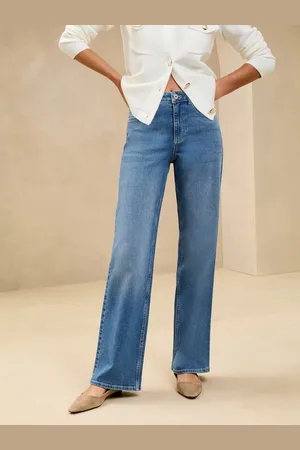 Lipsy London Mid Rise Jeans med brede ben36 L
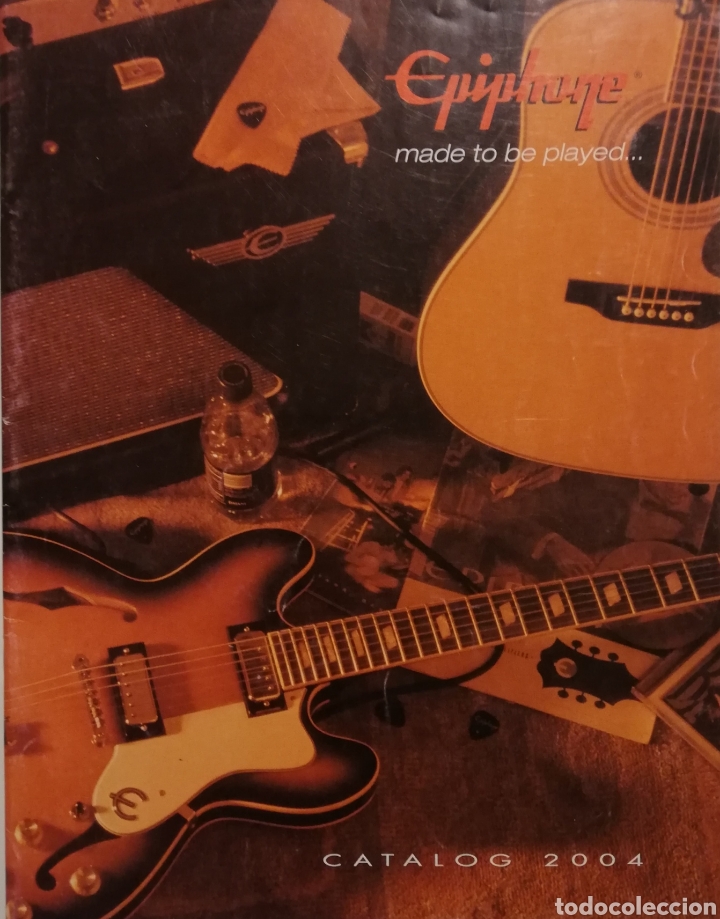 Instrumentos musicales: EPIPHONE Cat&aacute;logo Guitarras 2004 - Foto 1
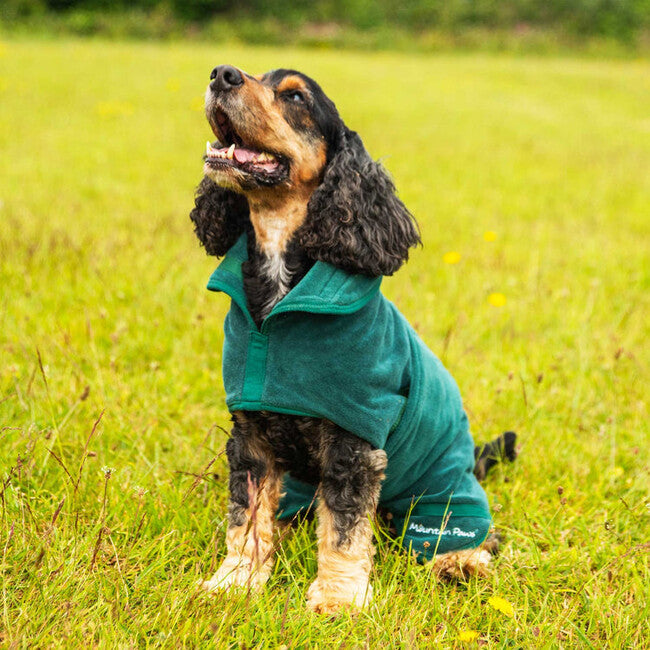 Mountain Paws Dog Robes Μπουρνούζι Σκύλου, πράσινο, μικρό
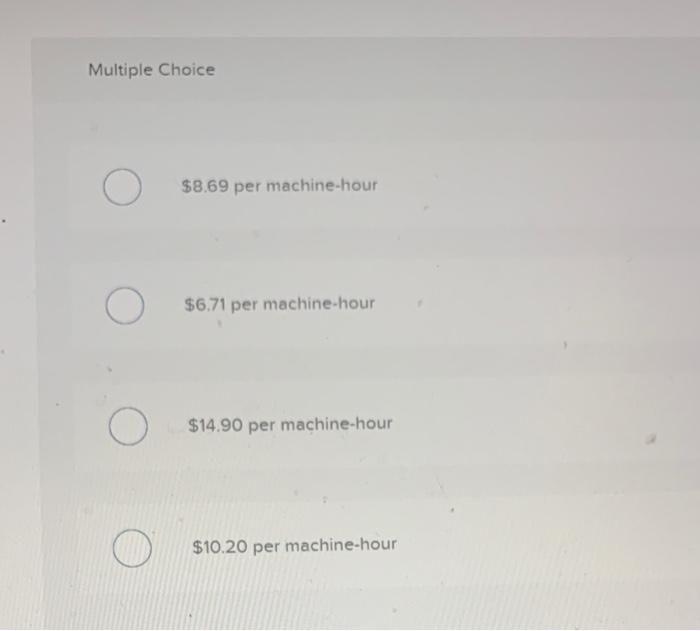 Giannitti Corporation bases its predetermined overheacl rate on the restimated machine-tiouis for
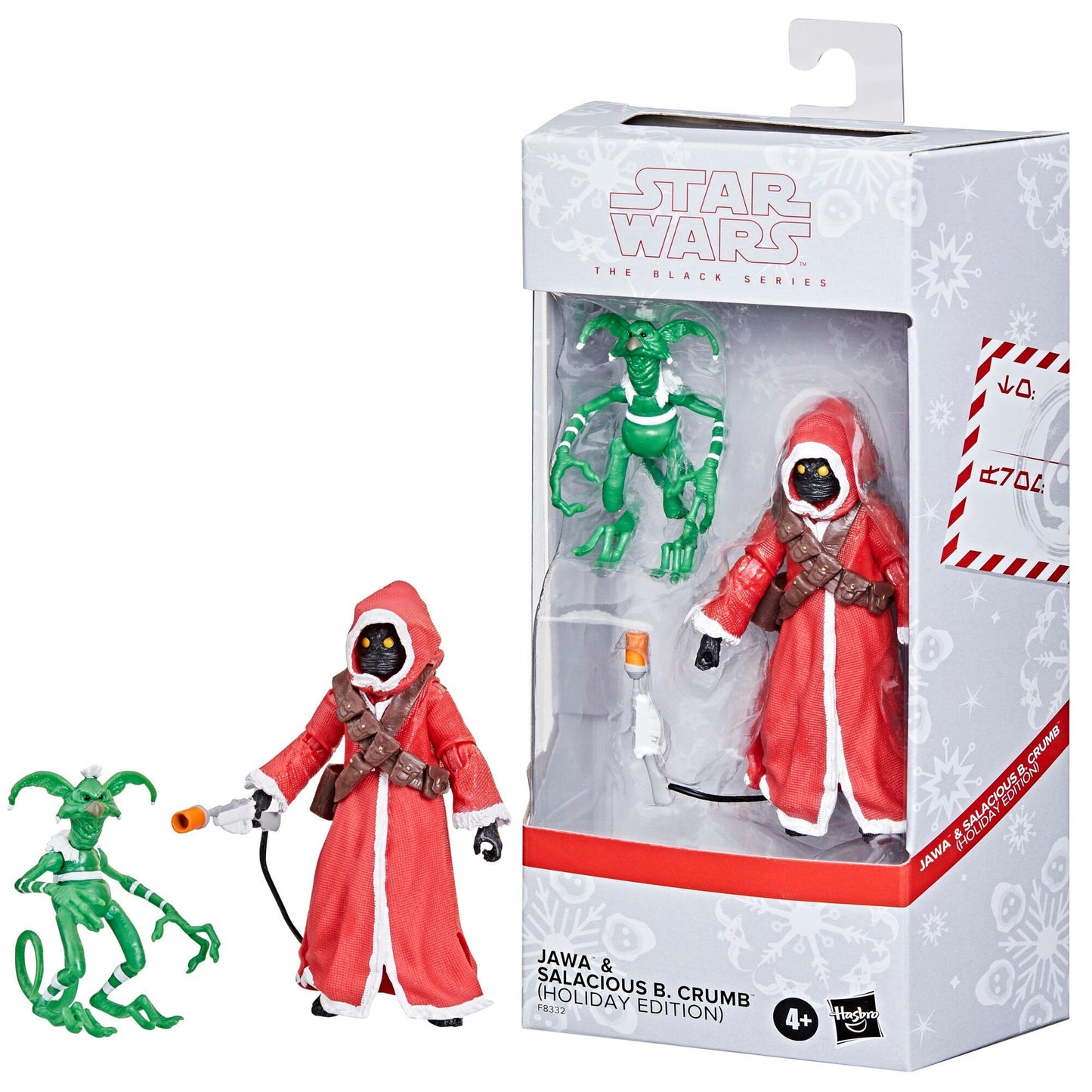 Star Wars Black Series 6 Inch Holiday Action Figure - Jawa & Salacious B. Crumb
★ ★ ★ ★ ★ ★ ★
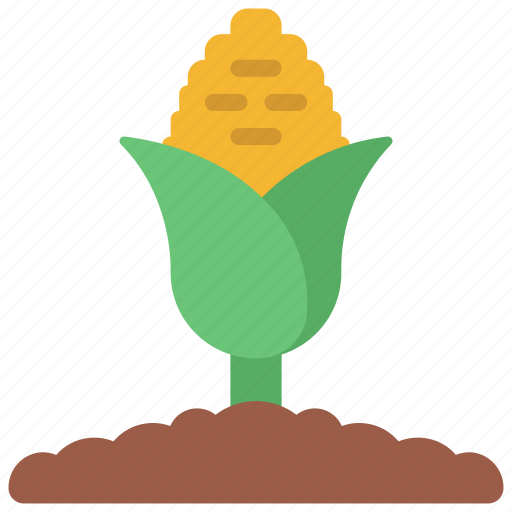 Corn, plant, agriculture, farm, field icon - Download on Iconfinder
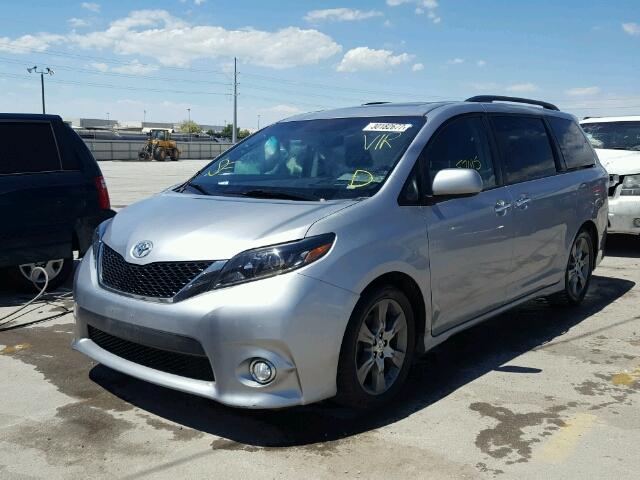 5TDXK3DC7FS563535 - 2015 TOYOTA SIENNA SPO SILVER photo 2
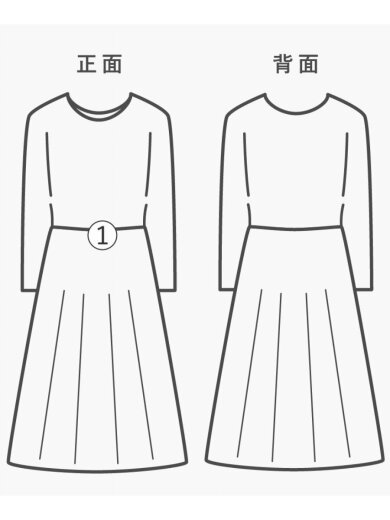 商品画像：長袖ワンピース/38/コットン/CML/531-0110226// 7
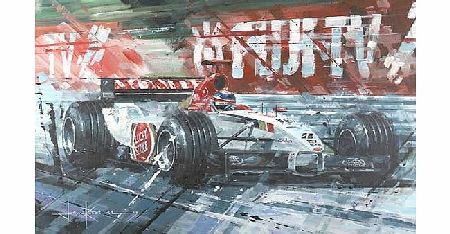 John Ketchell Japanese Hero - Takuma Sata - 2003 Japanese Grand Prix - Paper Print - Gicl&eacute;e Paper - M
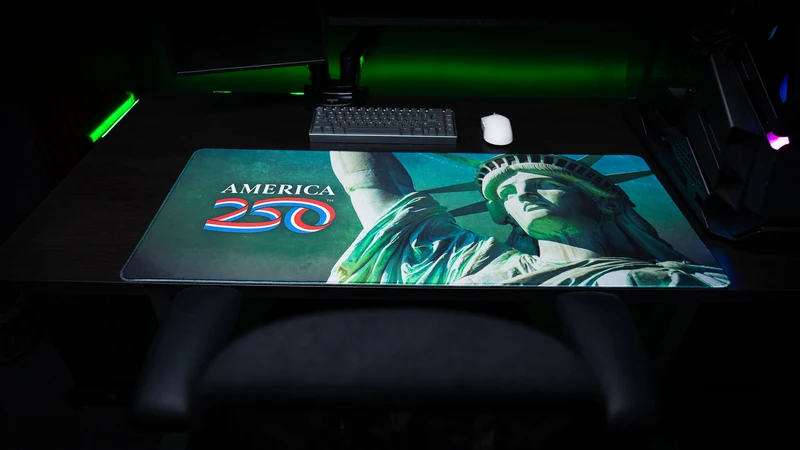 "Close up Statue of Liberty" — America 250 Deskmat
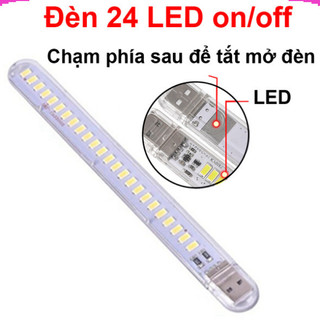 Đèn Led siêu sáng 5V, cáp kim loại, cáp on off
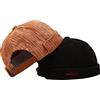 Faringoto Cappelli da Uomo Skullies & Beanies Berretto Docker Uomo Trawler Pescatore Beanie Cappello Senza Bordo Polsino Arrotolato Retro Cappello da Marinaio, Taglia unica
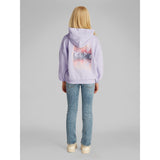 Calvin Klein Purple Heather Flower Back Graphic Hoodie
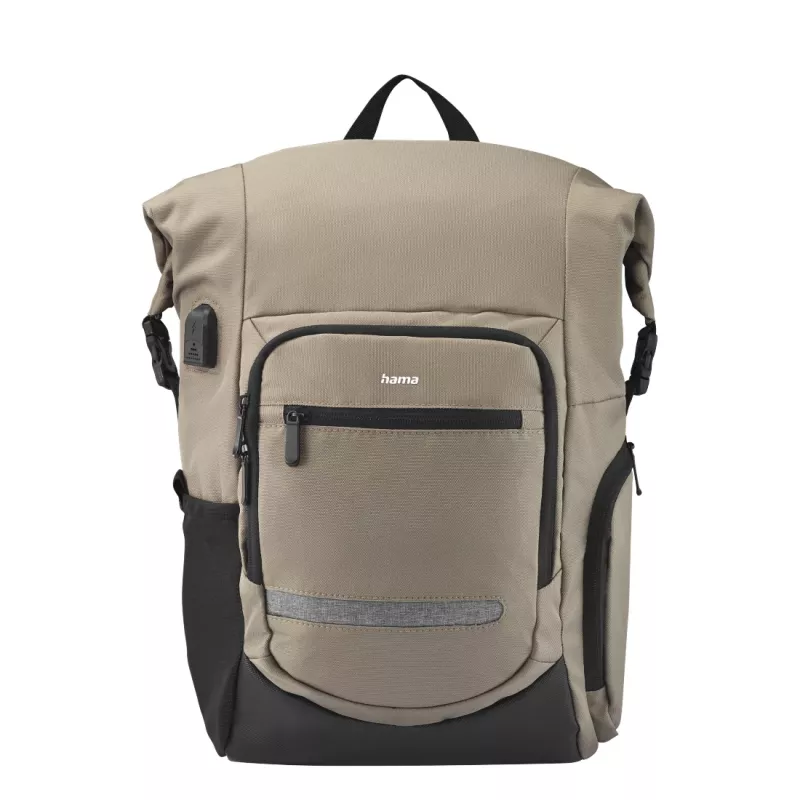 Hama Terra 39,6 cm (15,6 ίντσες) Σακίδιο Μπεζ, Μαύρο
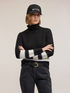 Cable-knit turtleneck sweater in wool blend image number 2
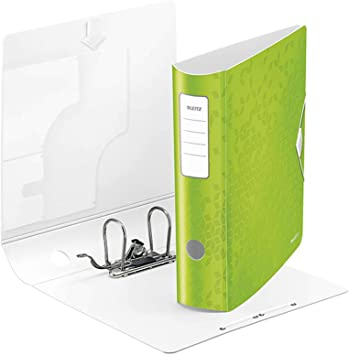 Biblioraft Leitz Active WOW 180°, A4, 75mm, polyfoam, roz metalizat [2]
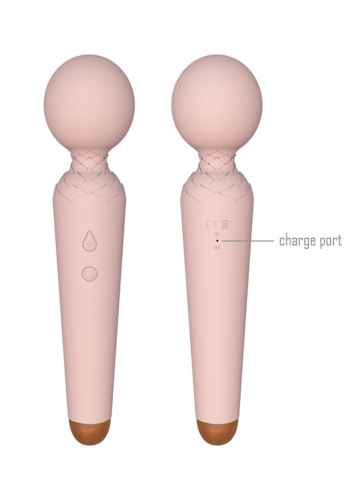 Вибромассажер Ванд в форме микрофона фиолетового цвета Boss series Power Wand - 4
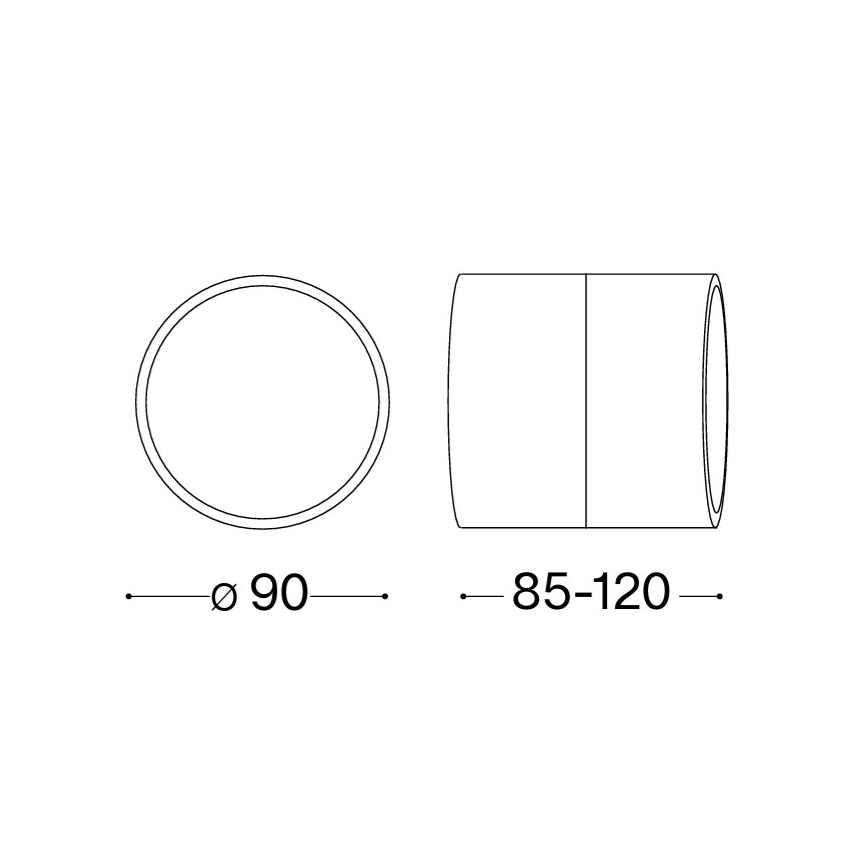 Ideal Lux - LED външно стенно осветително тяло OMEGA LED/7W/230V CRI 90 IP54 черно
★ ★ ★ ★ ★ ★ ★
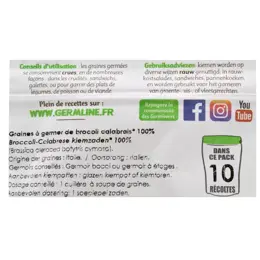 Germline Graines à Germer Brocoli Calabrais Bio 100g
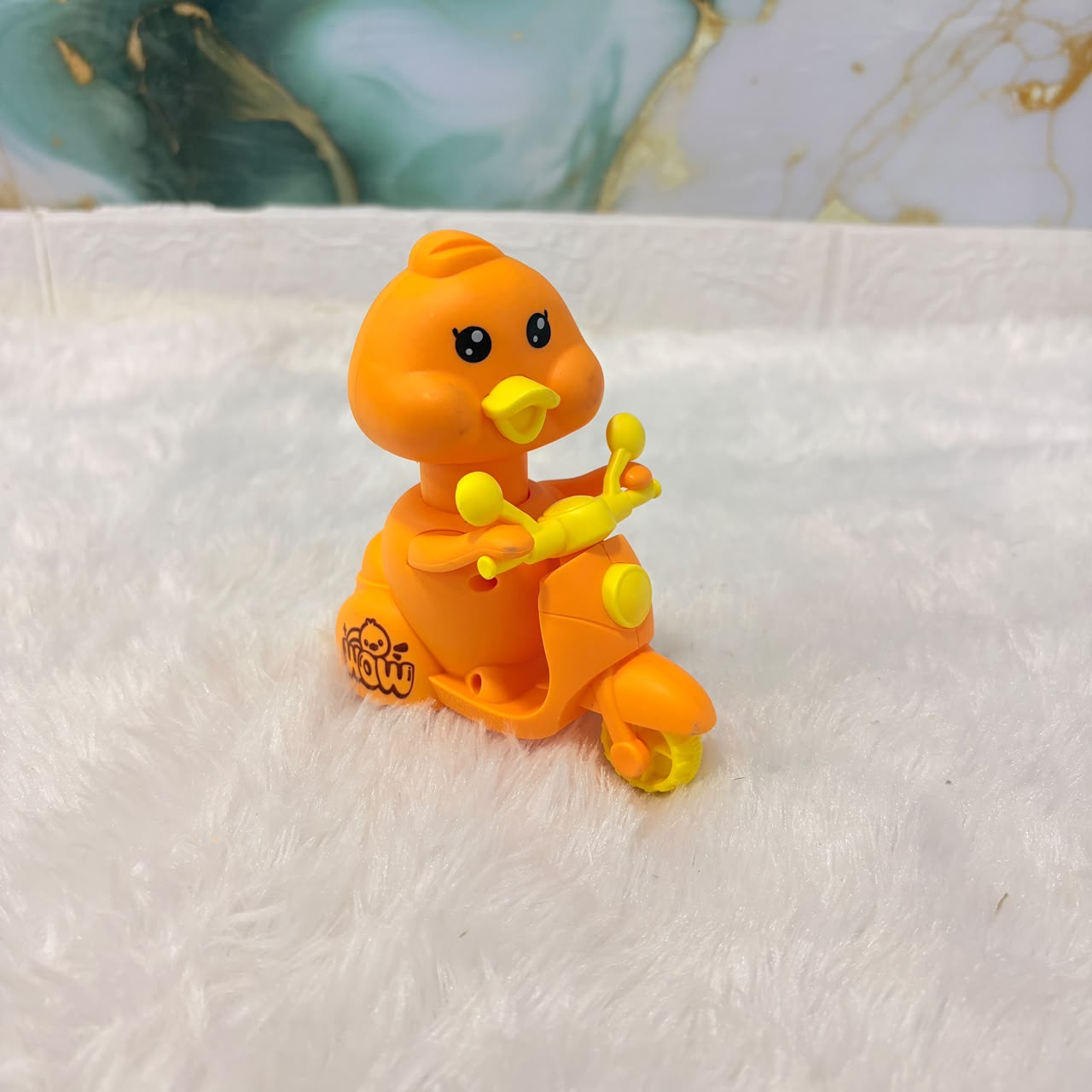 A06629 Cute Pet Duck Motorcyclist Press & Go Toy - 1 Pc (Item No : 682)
★ ★ ★ ★ ★ ★ ★
- Task objective -
Having found the line with "Mountain Paws Dog" and the line with "Star Wars Black" in the material above, write out exactly those two and every line between, leaving the pictures out.

- Exercise output -
 Mountain Paws Dog Robes Μπουρνούζι Σκύλου, πράσινο, μικρό
 Giannitti Corporation bases its predetermined overheacl rate on the restimated machine-tiouis for
 Star Wars Black Series 6 Inch Holiday Action Figure - Jawa & Salacious B. Crumb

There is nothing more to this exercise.